Say to them:
Man has survived hitherto because he was too ignorant to know how to realize his wishes. Now that he can realize them, he must either change them or perish.
--The Desert Music. William Carlos Williams.
It has been more than a little while since my last post. As of late, I have been thinking about thinking. Most of us will acknowledge that there is an urgency to our situation coupled with a desire to gather sufficient information and formulate an effective response. This is understandable. It’s how we do things. It is also how we got ourselves into this mess in the first place. We thought we could use autonomous human reason to figure everything out. In many ways, this has been highly successful. This shouldn’t be passed over lightly. Yet, there is a growing sense that the system we have created is slipping out of our control. That is if we ever really had control of it in the first place.
Now that we are better able to realize our wishes, we are confronted with just how dangerous this ability is and how disordered our desires have turned out to be. This alone is troubling enough. But even more disturbing is the thought that more rational analysis and systemic thinking won’t get us out of this catastrophe, but only draw us further into it. It is time to admit that we are addicted to rational analysis and that our standard modes of thinking are insufficient for the crisis at hand. In short, as counter-intuitive as it will sound, we need to reduce the amount of information we take in and slow down. Either we become contemplatives or perish.
Contemplation and meditation are long-proven ways of deepening our response not only to ourselves, but to each other, to the world, and to the Divine. Through contemplation, we can be slowly united with a part of ourselves that we have largely lost touch with over the past five centuries or more. Instead, we have become increasingly technocratic, and obsessed with control. I don’t think we can alter our disastrous technocratic trajectory with more technocratic thinking, however well-intentioned and however urgent the need. Conversely, contemplation and meditation are slow, cannot be rushed, and most importantly they are not under our control. Which is exactly what we need.
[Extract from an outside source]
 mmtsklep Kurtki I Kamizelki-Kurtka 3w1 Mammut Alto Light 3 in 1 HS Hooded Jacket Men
This is what I have been attempting to do—as best as I am able—with this latest post. Which means it is taking me a bit longer to put this post together. I am letting myself think it through as slowly as needed and take, as it were, a contemplative pace. This turns out to be surprisingly, and at times achingly slow. It is all too easy to become impatient and tell myself to be out with it already, man! But know that I am working on it—however glacial the pace—and it is starting to form itself out of the haze of confusion and uncertainty. But I don’t really know exactly when it will be ready to publish. Soon, I hope.
All in good time.
After much deliberation, I have decided to turn on the subscription option for the Stillness in the West substack. My intention moving forward is to continue to make every post available to all subscribers. I am fully committed to this conversation and I don’t see any need to exclude anyone. That said, we shall see how it goes.
As for life in the Hermitage, I intend to remain here as long as they allow me to stay; and for as long as it feels right and makes sense. Thankfully there aren’t a whole lot of expenses here but, alas, it isn’t free. If you would like to support what I am doing both as a semi-hermit and as the writer of this substack then it would be greatly appreciated. Honestly, I really don’t need much. Either way, I will do my best to continue to offer whatever insights I am afforded here to anyone who is interested.
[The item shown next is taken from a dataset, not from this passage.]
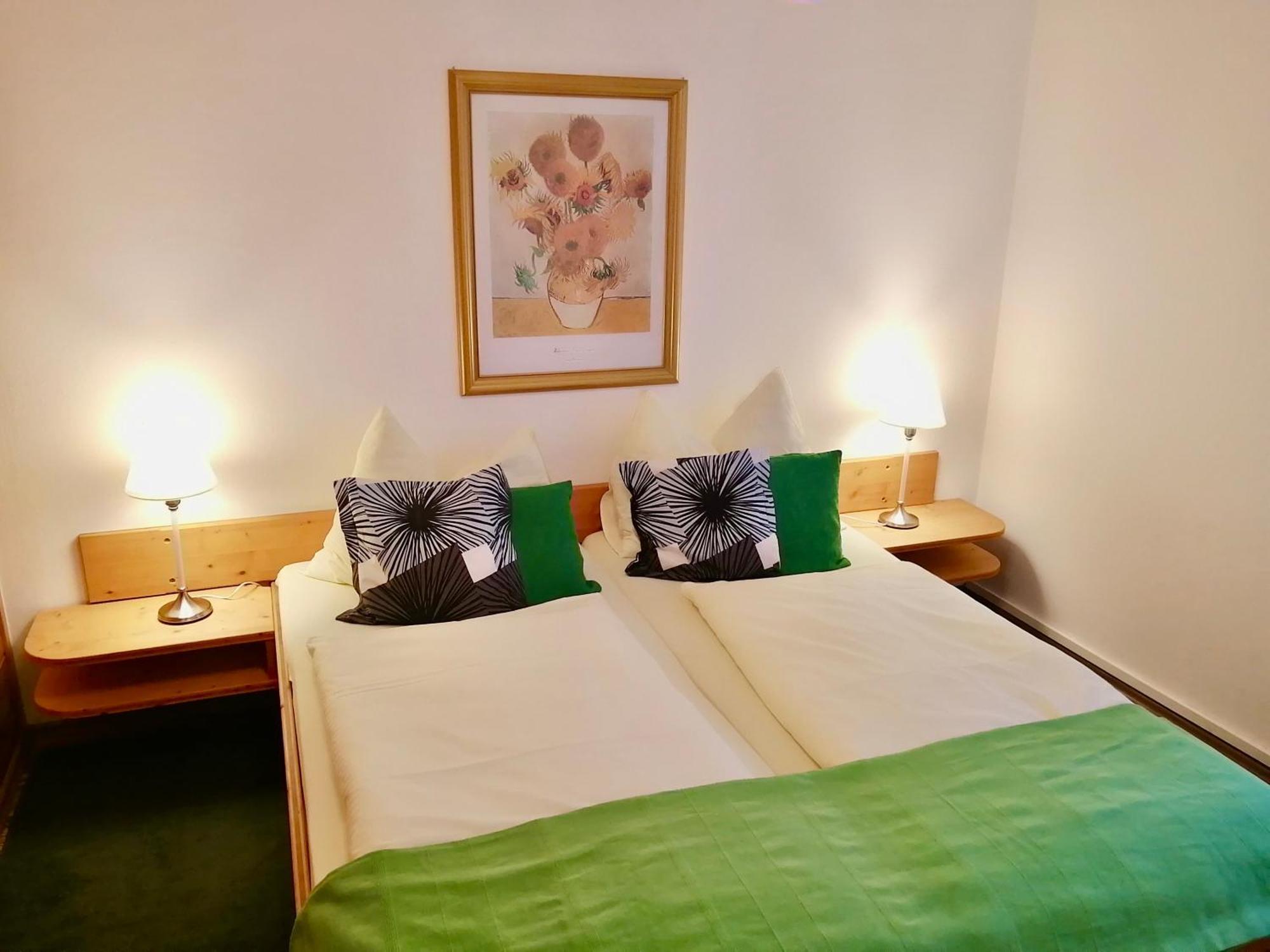 Alpina Appartements 马尔尼茨 外观 照片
Thank you for reading and I hope you are all well.
-Jack Leahy
The Heart-and-Mind, free from desire, turns inward, to true knowledge, to the knowledge, that knows without knowing. Then action is eschewed, and all is accomplished, through non-action, Through the pure Breath-Energy, of the Tao. --Magister Liu.
P.S. I am still working on putting together a short podcast. Hopefully, this will be ready to go before too long.
Thank you Jack, much appreciated again.
A couple years ago I was introduced to Bayo Akomolafe who, among other things discusses post-activism. “What if the way we respond to crisis is part of the crisis?” is one of his questions for contemplation. This, after considering Charles Eisensteins’ invitation to move away from solutionism was/is seductive. It feels ‘right’.
However, it is only recently that I have actually begun to take up that invitation and disengage from the endless commentary and analysis towards contemplation and prayer. Towards engaging with ancestors. Towards responding to requests for prayers on behalf of those in need. Towards finding the joy in the life I have right now - even in the things that have not turned out the way I would have hoped.
As I mentioned in another substack comment to you Jack, there is something emerging from this, though I know not what it is, and I dare not attempt to presupposes what it is, lest I distort its creation and shape and miss its true power in my life. My feeling is that it won’t emerge from devouring more information but during my immersion in the here and now of life.
Be well,
Micah
“Instead, we have become increasingly technocratic, and obsessed with control.”
Technology aside, even in our personal lives we need to be careful with control. There’s a clenching, grasping element within, partly instinctive, partly interwoven with how we talk to ourselves and others, that seems to struggle for control, and gets frustrated when we don’t have it. Living with less control over things, even no control, is an act of faith and deep trust. When I’ve been able to do this, which is not nearly as much as I’d like, I feel a unique sort of peace; nothing mystical, but definitely peaceful and more open.